The robust, energy-efficient climbing robot SpaceClimber is designed for missions in challenging territory. Essential parts of its structural system are the intelligent, powerful joints. mayr® power transmission have developed a mini brake especially designed for such a joint. It impresses users with its small dimensions and increases the robot’s energy efficiency. This robot system is being further developed at the German Research Centre for Artificial Intelligence (Deutsches Forschungszentrum für Künstliche Intelligenz, DFKI).
In future, the intention is for it to explore planets independently and be able to set up an infrastructure using its gripping arms – the new multi-arm walking robot that is currently being developed by scientists at the Robotics Innovation Center at the German Research Centre for Artificial Intelligence (DFKI). The robot, which resembles a praying mantis, has been created within the context of the LIMES project, which is to continue until the end of April 2016 and which is supported by the German Aerospace Center (Deutsches Zentrum für Luft- und Raumfahrt, DLR). Thanks to its morphology and the different walking patterns for different soil conditions, it will be capable to cope with craters and boulder fields and manipulate these with its front legs. By learning from its experiences, it will be able to act in a targeted manner. With its locations in Kaiserslautern, Saarbrucken, Bremen and Berlin, the German Research Centre for Artificial Intelligence (DFKI) is the largest research centre for artificial intelligence worldwide.
Role model: The ant
An already tried-and-tested space robot by the DFKI and one of the predecessors of the LIMES project is the climbing robot SpaceClimber. In its morphology, it resembles its natural role model – the ant. The SpaceClimber is a free-climbing robot with six legs, designed for missions in challenging territory, for example for the exploration of crater walls, crevices or gorges. In its basic posture, the robot is approximately 80 cm wide, one meter long and 20 cm high. It weighs approximately 25 kg. The SpaceClimber reliably masters steep, asymmetric slopes with angles of up to 80 percent, and moves at a speed of 0.3 m/s. Among the most important components promoting the immense mobility of the robot are the drives for its structural system. Therefore, intelligent, light-weight, high-performance joints with a focus on energy efficiency have been developed.

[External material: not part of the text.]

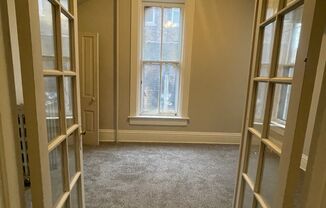 2 beds, 1 bath, $800, Unit 323 Apt. 1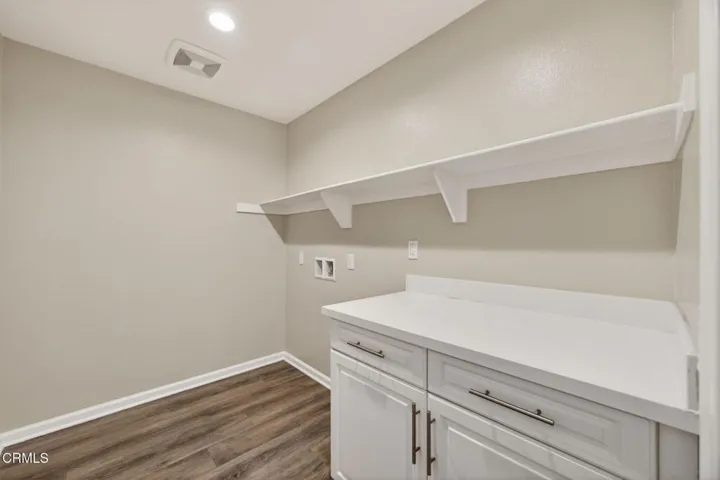 10-web-or-mls-Upmarket Media-1952Vic022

There is also a joint in the upper body of the robot: If the SpaceClimber walks into an inclined wall, e.g. into a crater, the upper body can adapt to the surroundings and straighten up or fold down on the crater edge. Furthermore, the upper body can also straighten up, for example, to free the front legs for manipulation. An extremely compact ROBA-stop® safety brake is installed in this joint, which mayr® power transmission has developed especially for this application. When the SpaceClimber walks with its upper body horizontal across an even surface, the brake reliably holds the joint in position and prevents the input and output from turning when the motor is switched off. “Using this brake, the joint need not be energised permanently to hold the position, and this saves energy“, says the DFKI Project Manager, Dr.-Ing. Sebastian Bartsch. The brake has a holding torque of 0.28 Nm and only weighs 120 grammes with an outer diameter of 40.5 mm. “For us, the small dimensions of the brake was the decisive criterion”, says Dr.-Ing. Sebastian Bartsch. “We only had limited installation space to accommodate the brake without changing the design or increasing the weight substantially”. Safety brakes by mayr® power transmission work according to the fail-safe principle, which means they are closed in de-energised condition. The brakes generate the braking force through thrust springs. After current switch-off or in case of power failure, they guarantee reliable and safe holding of the device in any position.
The robot lady AILA
The mini brake has also already been used in the robot system AILA, a mobile, autonomous system with two arms. “In AILA, the brake was installed in the elbow joint”, explains Dr.-Ing. Sebastian Bartsch. “When the robot takes something in its hand, it is necessary to generate energy permanently to keep the arm and the item elevated. Using the brake, the motor can be switched off, thereby saving energy”. AILA is able to sort and handle individually heterogeneous items which vary considerably in their form and characteristics, for example different articles in a supermarket. With the aid of the object information stored in the digital memory, she is able to adapt her gripping and transportation behaviour to the specific characteristics of the respective items.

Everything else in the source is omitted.